*Work to be completed*
Any picture in the data below should be skipped, while every line is repeated exactly.

*Source material*
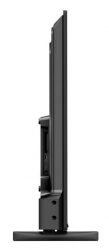 Телевизор LED Philips 43PUS7505/60 черный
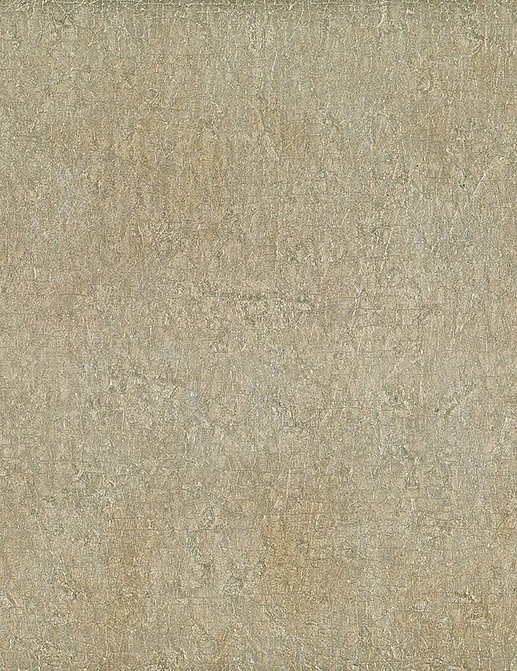 Обои Jannelli & Volpi JV 104 Lithos 7673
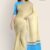 Coral Reef Handlooms Cotton Saree DC1045
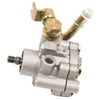 Power Steering Pump Fit 96-04 Infiniti I30 I35 Nissan Maxima 3.0 3.5 VQ35DE VQ30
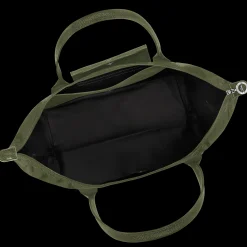 Outlet Le Pliage Green Schoudertas L Le Pliage L|Le Pliage Green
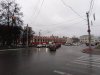 Клуб Ниссан Террано | Форум Terrano-Club.Ru | Фото: IMG_20191103_125827.jpg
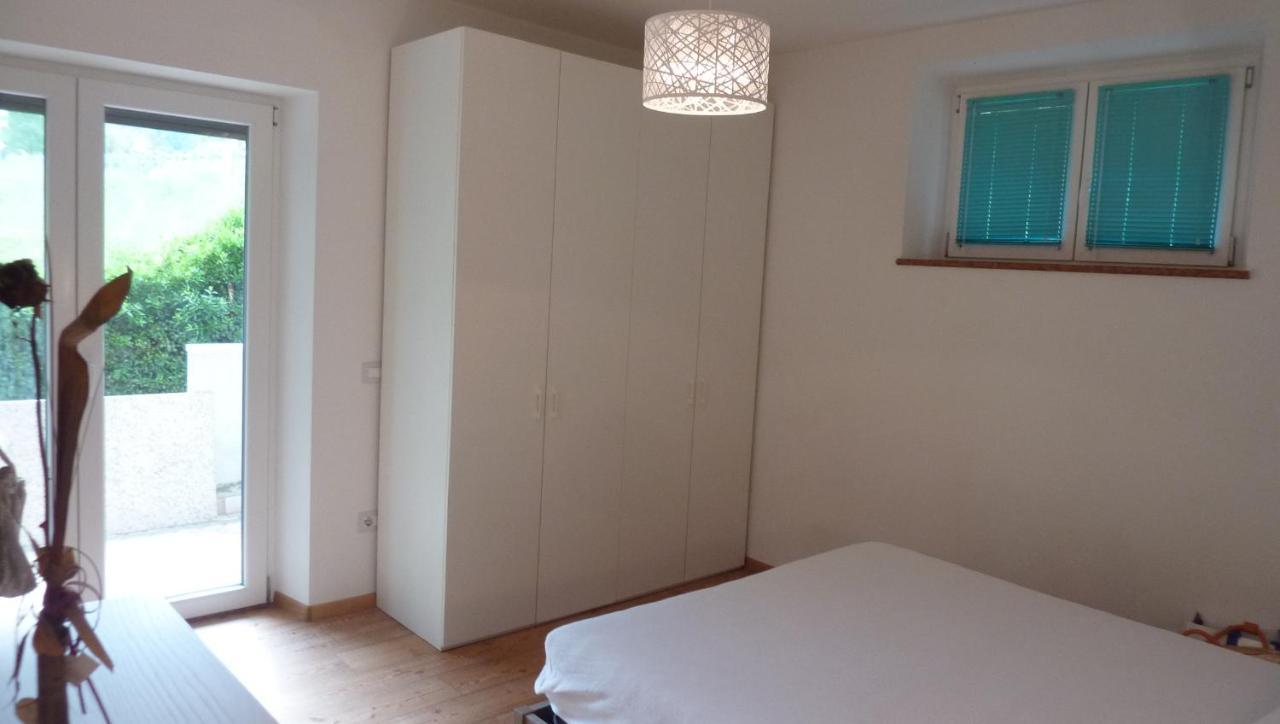 טנו Villa Dream Alla Beppa מראה חיצוני תמונה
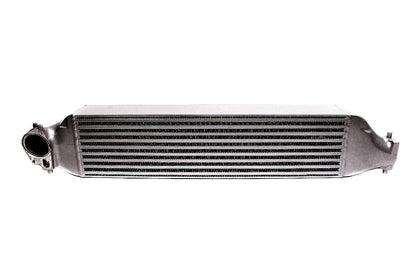 PLM Bolt-On Intercooler Kit V2 - Honda Civic FC 2016 - 2021 1.5t Turbo & Si PrivateLabelMfg
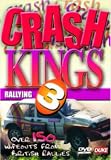 Crash Kings - Rallying 3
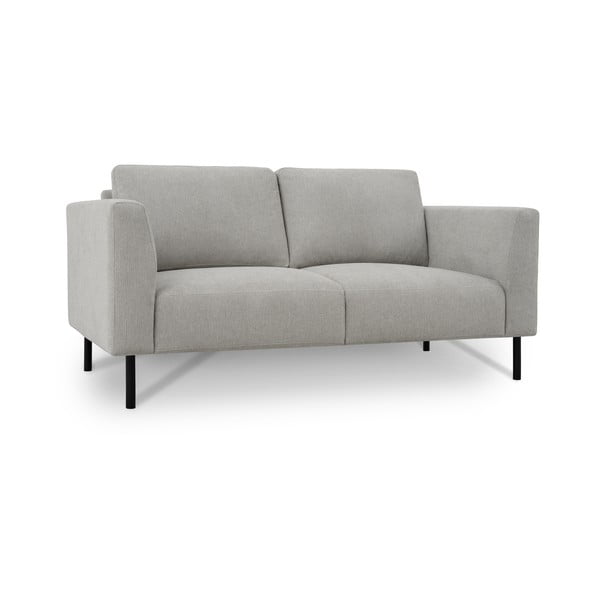 Beżowa sofa 171 cm Hero – Scandic-image-2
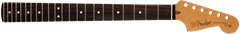 Fender Neck American Professional II Jazzmaster, Rosewood - Gitarový krk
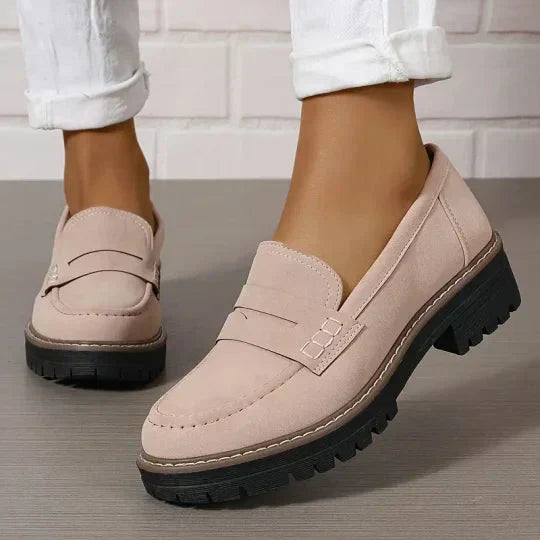 Frida™ | Comfortable Women's Shoes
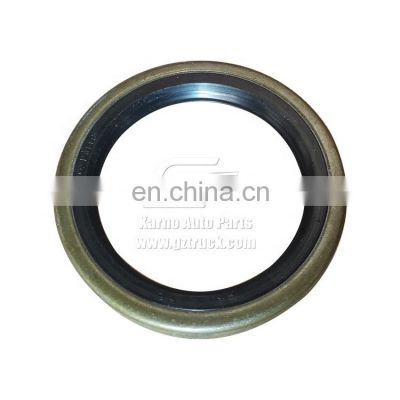 Rubber Oil Seal Oem 1345278 for SC Truck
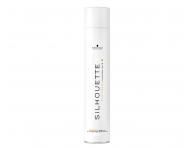 Seria kosmetykw elastycznie utrwalajcych wosy Schwarzkopf Professional Silhouette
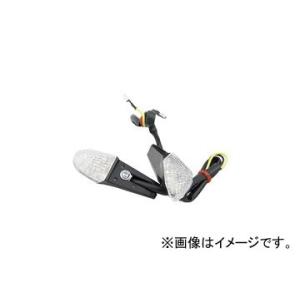 2輪 AP ウィンカー 汎用品 AP-BP-S020 入数：1セット(左右)｜apagency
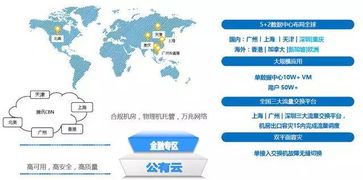 國(guó)內(nèi)SaaS企業(yè)的超算破局 基于騰訊云布局的上海軟件開(kāi)發(fā)新機(jī)遇
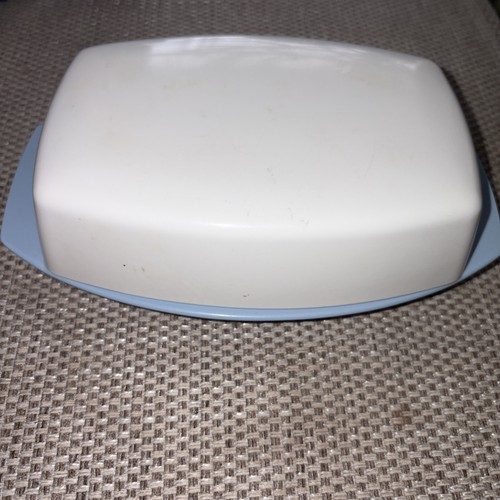 Vintage gaydon melmex - vintage, butter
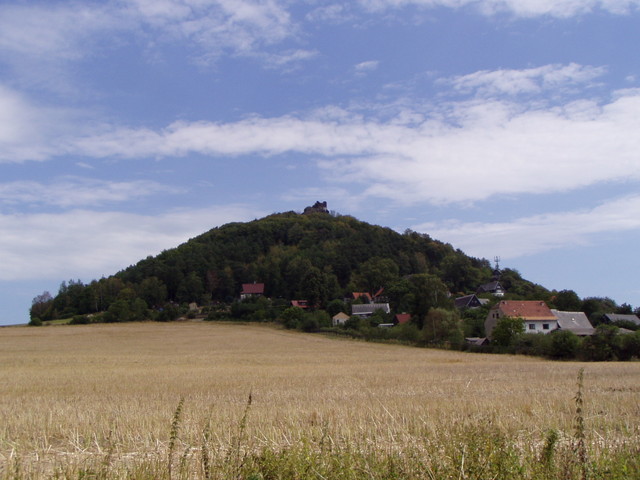 p8190097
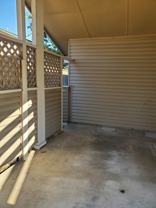 706 Ticonderoga Dr - Photo 1 of 1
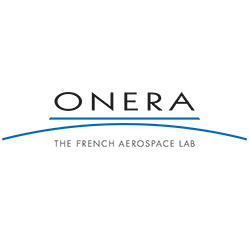 ONERA, centre français de recherche aérospatiale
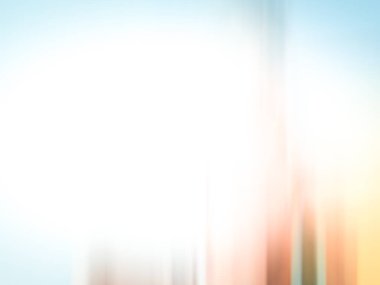 soyut renkli bulanık arkaplan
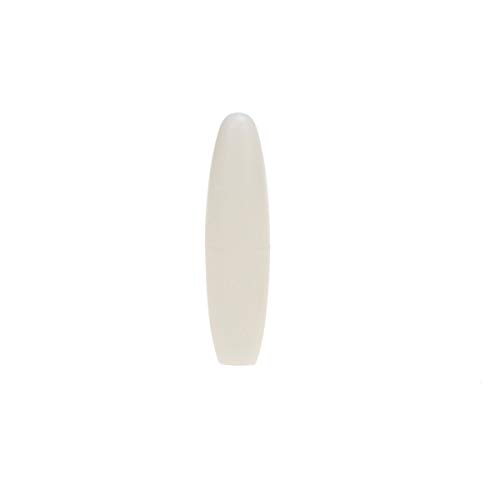 Musiclily Pro Polegadas Knob Ponteira Alavanca de Tremolo Stratocaster para Guitarra USA /México Str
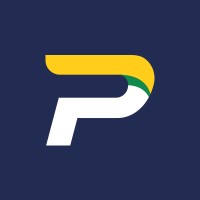 Préssor logo - Similar company to Integrum Inteligência Industrial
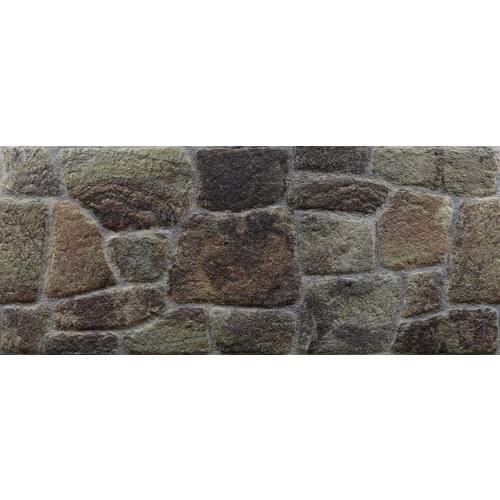 Stikwall Stone Pattern Styrofoam Wall Panel 659.201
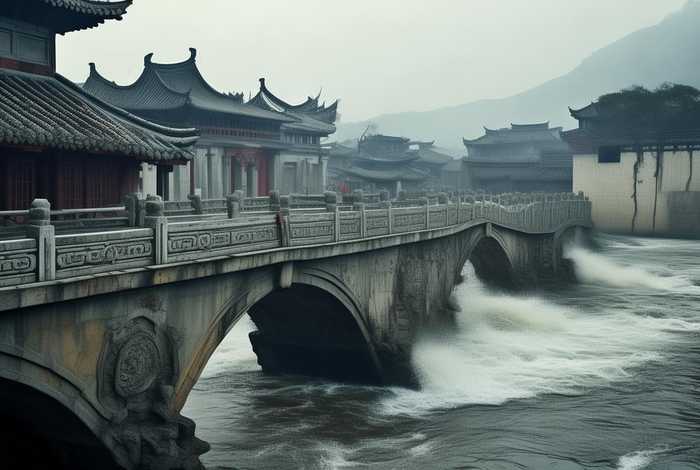 中国历史上经历了哪些苦难、中国经历了那些苦难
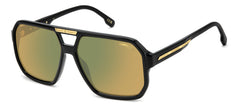 Солнцезащитные очки Carrera VICTORY C 01/S 71CMJ 60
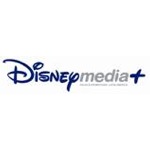 Disney indítja a Disneymedia+ csatornát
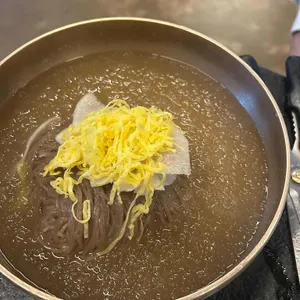 본수원갈비 대표 사진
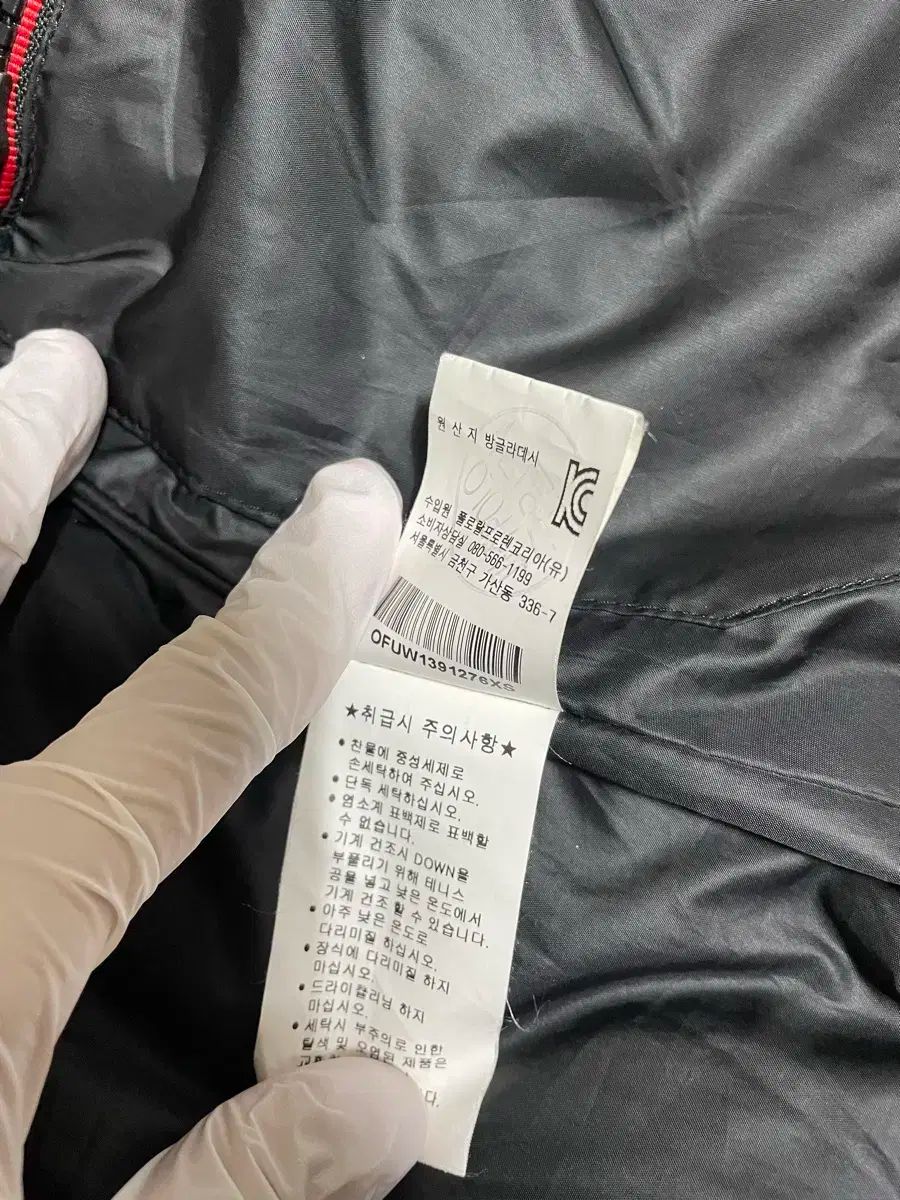  ポロ Ralph Lauren ラルフローレン ビックポニー ダウン ベスト ベスト ジレ ベスト ジレ ビスチェ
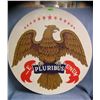 Image 1 : American eagle E Pluribus Unum display piece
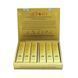 Дополнительное фото Возбуждающие капли для женщин Gold Fly 5 мл
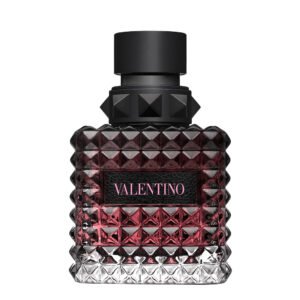 Valentino Donna Born In Roma Intense Eau de Parfum 30ml Spray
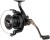 Rola Delphin Exyl 70 Y Body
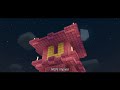3d texture shader for MCPE Officially Released | Complementary shaders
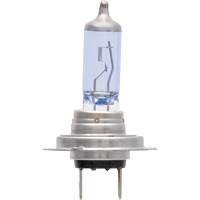 Ampoule de feu avant SilverStar zXe H7, Halog&egrave;ne/DHI, 56 W, Blanc D. Morneault & Fils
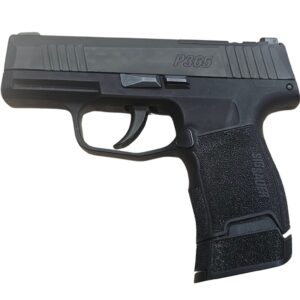 Sig Sauer P365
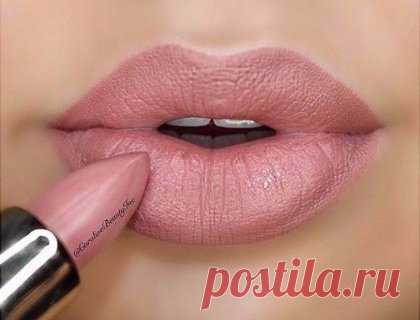 7 приемов в макияже, о которых ты должна забыть | Golbis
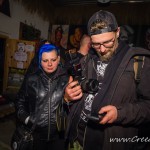 190 NTEY Deathfest 2017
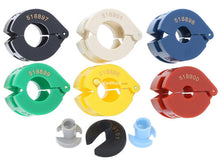 Disconnect Tool Set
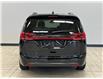2024 Chrysler Pacifica Touring-L (Stk: R192717) in Courtenay - Image 6 of 20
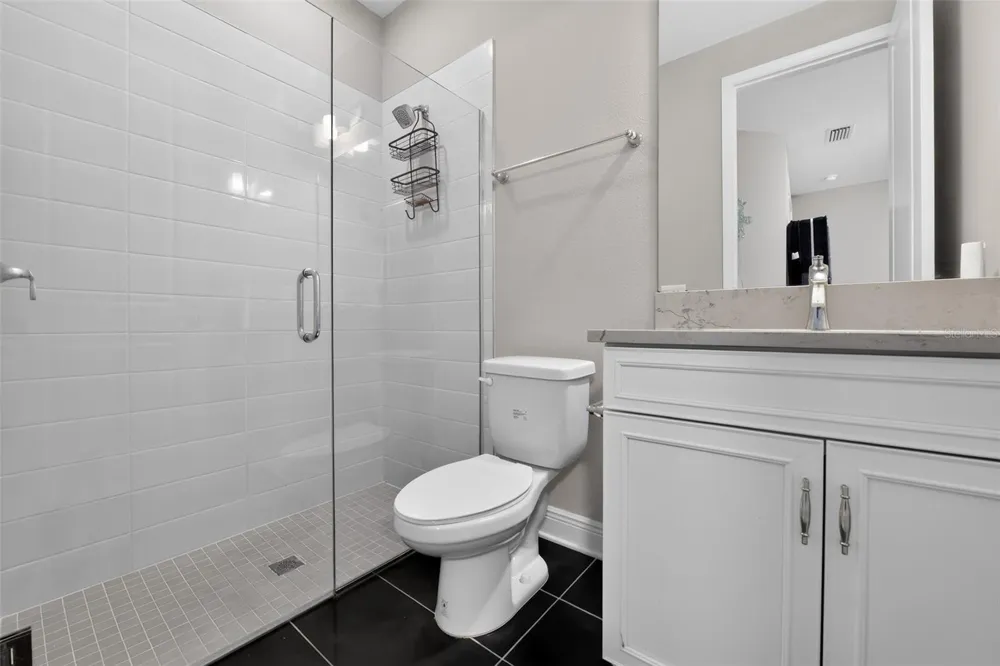 3663 QUIET DRIVE Sarasota, FL 34240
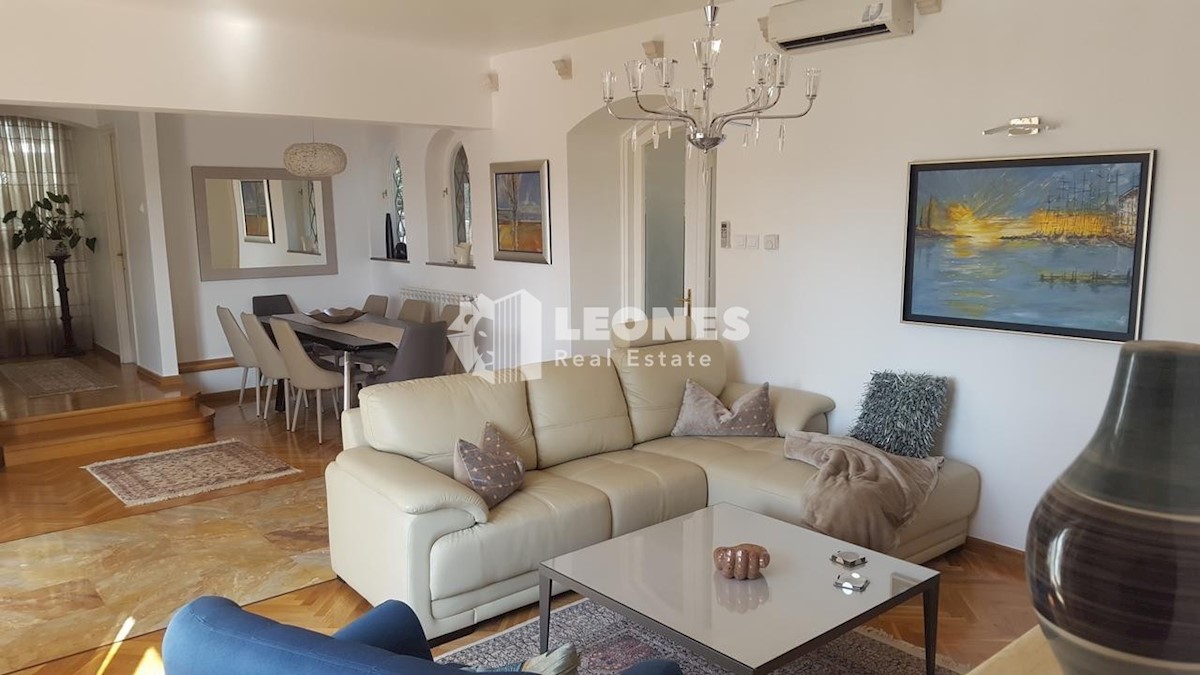 Casa In vendita - ISTARSKA UMAG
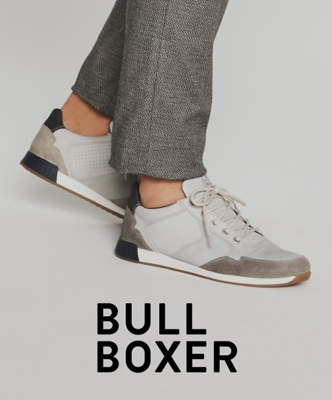 no bull shoes clearance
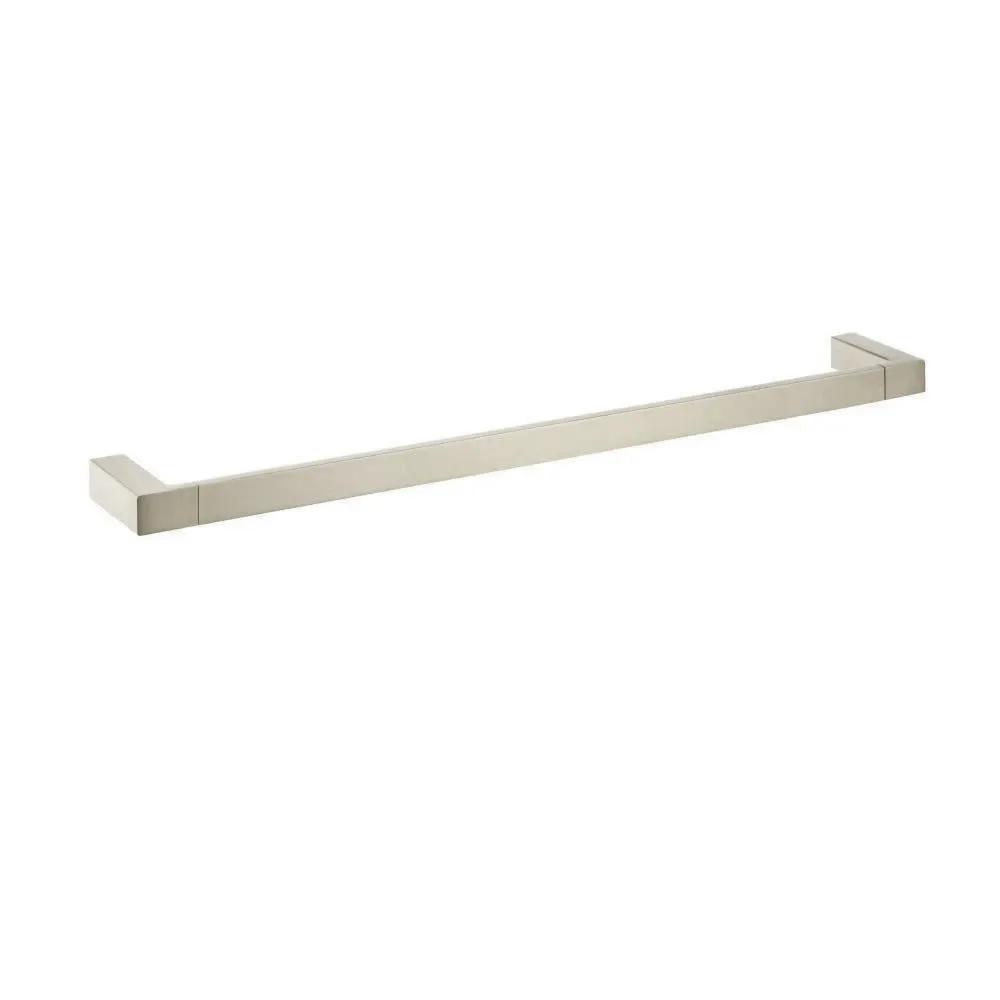 Flusso Serie 196 Brass Towel Bar - 24" by Flusso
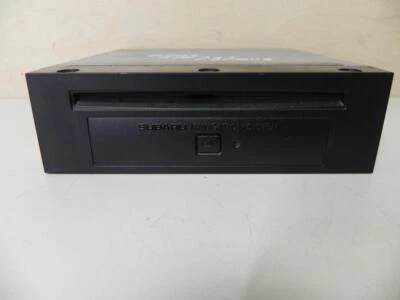 Cambiador DVD Subaru LEGACY IV Station Wagon 2007 FVZ201ERF2 Foto 1 de 4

*Answer for this exercise*
 Телевизор LED Philips 43PUS7505/60 черный
 Обои Jannelli & Volpi JV 104 Lithos 7673
 Coral Reef Handlooms Cotton Saree DC1045
 Power Steering Pump Fit 96-04 Infiniti I30 I35 Nissan Maxima 3.0 3.5 VQ35DE VQ30
 Outlet Le Pliage Green Schoudertas L Le Pliage L|Le Pliage Green
 Клуб Ниссан Террано | Форум Terrano-Club.Ru | Фото: IMG_20191103_125827.jpg
 טנו Villa Dream Alla Beppa מראה חיצוני תמונה
 PLM Bolt-On Intercooler Kit V2 - Honda Civic FC 2016 - 2021 1.5t Turbo & Si PrivateLabelMfg
 Crash Kings - Rallying 3
 Beżowa sofa 171 cm Hero – Scandic-image-2
 Fender Neck American Professional II Jazzmaster, Rosewood - Gitarový krk
 Frida™ | Comfortable Women's Shoes
 Rubber Oil Seal Oem 1345278 for SC Truck
 Seria kosmetykw elastycznie utrwalajcych wosy Schwarzkopf Professional Silhouette
 2輪 AP ウィンカー 汎用品 AP-BP-S020 入数：1セット(左右)｜apagency
 國(guó)內(nèi)SaaS企業(yè)的超算破局 基于騰訊云布局的上海軟件開(kāi)發(fā)新機(jī)遇
 Vintage gaydon melmex - vintage, butter
 p8190097
 706 Ticonderoga Dr - Photo 1 of 1
 ONERA, centre français de recherche aérospatiale
 soyut renkli bulanık arkaplan
 Musiclily Pro Polegadas Knob Ponteira Alavanca de Tremolo Stratocaster para Guitarra USA /México Str
 Préssor logo - Similar company to Integrum Inteligência Industrial
 Stikwall Stone Pattern Styrofoam Wall Panel 659.201
 中国历史上经历了哪些苦难、中国经历了那些苦难
 Солнцезащитные очки Carrera VICTORY C 01/S 71CMJ 60
 Disney indítja a Disneymedia+ csatornát
 본수원갈비 대표 사진
  ポロ Ralph Lauren ラルフローレン ビックポニー ダウン ベスト ベスト ジレ ベスト ジレ ビスチェ
 Image 1 : American eagle E Pluribus Unum display piece
 Дополнительное фото Возбуждающие капли для женщин Gold Fly 5 мл
 Valentino Donna Born In Roma Intense Eau de Parfum 30ml Spray
 Rola Delphin Exyl 70 Y Body
3d texture shader for MCPE Officially Released | Complementary shaders
 Ampoule de feu avant SilverStar zXe H7, Halog&egrave;ne/DHI, 56 W, Blanc D. Morneault & Fils
 Sig Sauer P365
 7 приемов в макияже, о которых ты должна забыть | Golbis
 190 NTEY Deathfest 2017
 Disconnect Tool Set
2024 Chrysler Pacifica Touring-L (Stk: R192717) in Courtenay - Image 6 of 20
 3663 QUIET DRIVE Sarasota, FL 34240
 Casa In vendita - ISTARSKA UMAG
 no bull shoes clearance
 Flusso Serie 196 Brass Towel Bar - 24" by Flusso
 Cambiador DVD Subaru LEGACY IV Station Wagon 2007 FVZ201ERF2 Foto 1 de 4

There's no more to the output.